Aesthetic. Friday, 6th September 2013


Apa itu Estetika?
Ketika beberapa orang mendengar kata estetika, sebagian besar orang menjawab estetika adalah keindahan/hal yang seimbang secara komposisi dan terlihat menarik menurut pandangan dari setiap individual masing-masing. Secara etimologi : Estetika berasal dari bahasa Yunani kuno yaitu Aisthanomai yang artinya mengamati dengan indera.

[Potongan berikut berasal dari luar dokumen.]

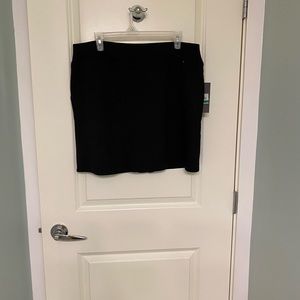 BNWT Jones New York Black Skort size large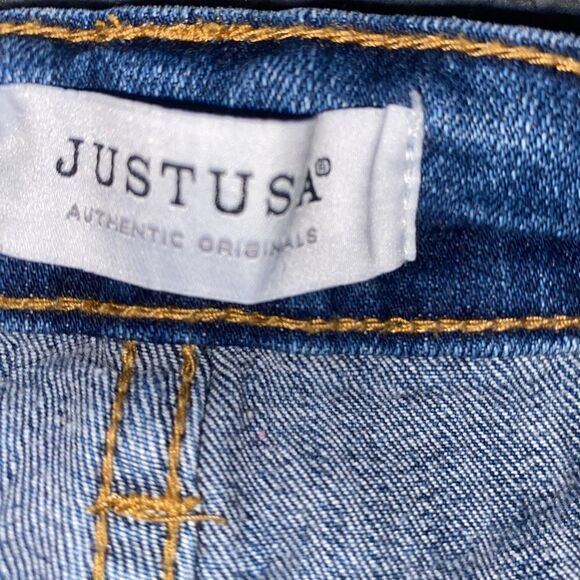 JUST USA Jean Shorts Size Large Distressed - Picture 12 of 12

 Beberapa definisi Estetika :  
  • Ilmu pengetahuan tentang pengamatan inderawi.
  • Adalah renungan filosofis tentang seni atau filsafat seni.

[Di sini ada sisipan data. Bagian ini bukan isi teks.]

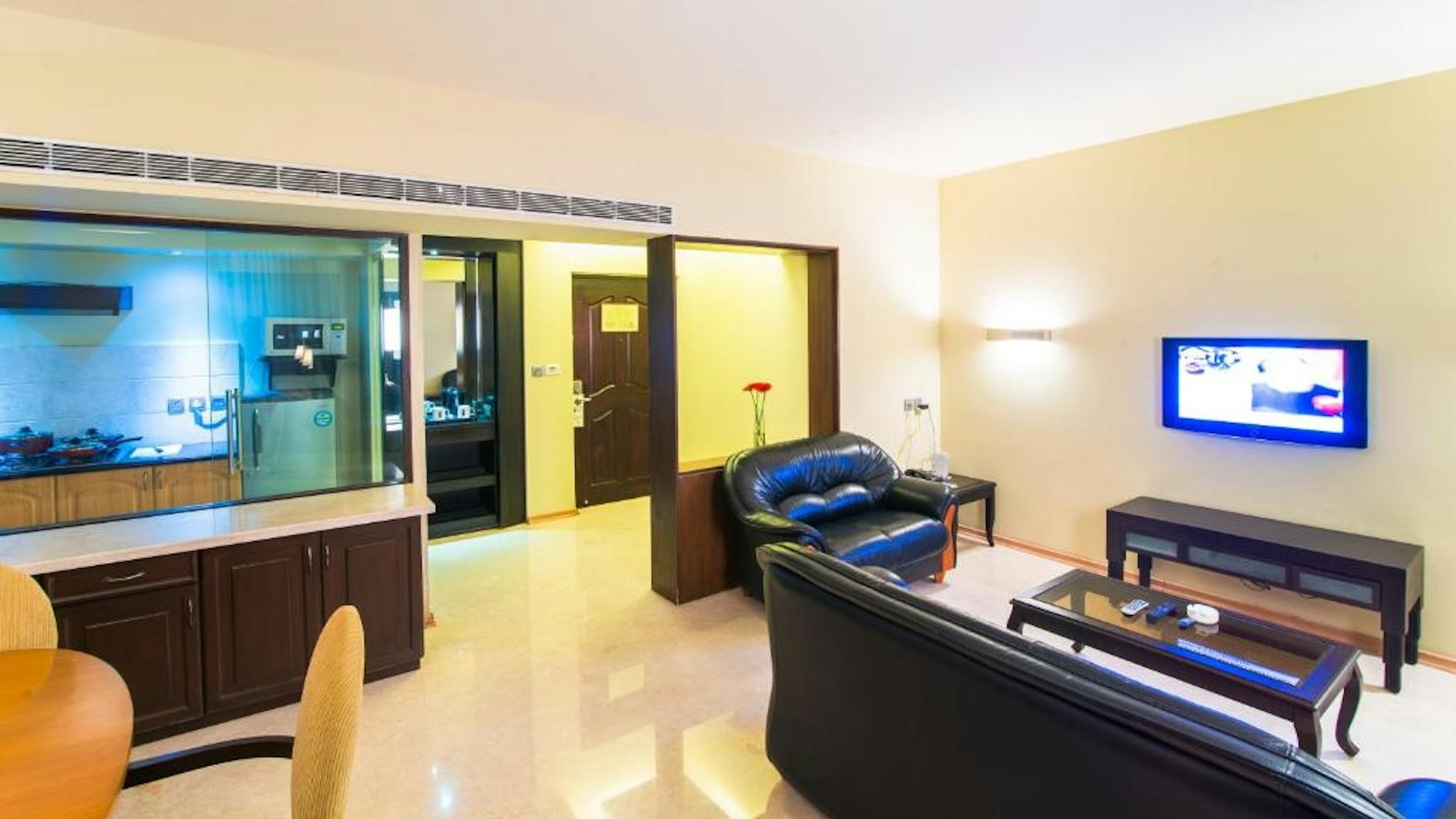 Halcyon Hotel Residences 48/55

  • Tidak hanya menyelidiki yang indah, tetapi yang buruk juga.
  • Membicarakan masalah "cita rasa" (taste)  
Estetika adalah teori yang mencangkup :
  • Penyelidikan tentang yang indah.
  • Penyelidikan tentang prinsip-prinsip landasan seni.
  • Pengamatan yang berkaitan dengan seni, penciptaan seni, penilaian atau refleksi terhadap karya seni.
Pengalaman pembentuk Estetik :
1.     Kita adalah makhluk yang bertubuh (Embodied Beings)
Dapat diambil kesimpulan bahwa pengalaman apapun, termasuk pengalaman estetis berawal dari kenyataan bahwa kita adalah makhluk yang bertubuh. Yang dimaksud dengan "tubuh" adalah lapisan inderawi/fisik dan mental/akal.
2.     Kita adalah makhluk yang terus berubah.
Pengalaman estesis, sebagai pengalaman yang bertubuh dapat medorong terjadinya perubahan atau transformasi.
3.     Kita adalah makhluk yang kognitif.
Kita bisa berfikir tentang apa yang kita alami, sehingga kita bisa menilainya. Penilaian atau kognisi

Mengapa Kita Harus Peduli Dengan Estetika?
Kita harus peduli dengan Estetika karena kita diciptakan sebagai makhluk yang estesis dan memiliki pengalaman dasar sebagai manusia. Lain halnya dengan hewan, contoh gajah yang dapat melukis. Gajah bisa melukis, tetapi apakah gajah bisa menilai bahwa lukisan-nya indah? Apakah ia berfikir bahwa lukisannya memiliki nilai seni?  Maka dari itu bisa dikatakan bahwa gajah bukan makhluk yang estesis.

Apa Yang Kita Dapat Dari Estetika?
Yang kita dapat adalah memberi cara untuk mengartikulasikan penilaian-penilaian sehingga mempunyai cara atau metodologi.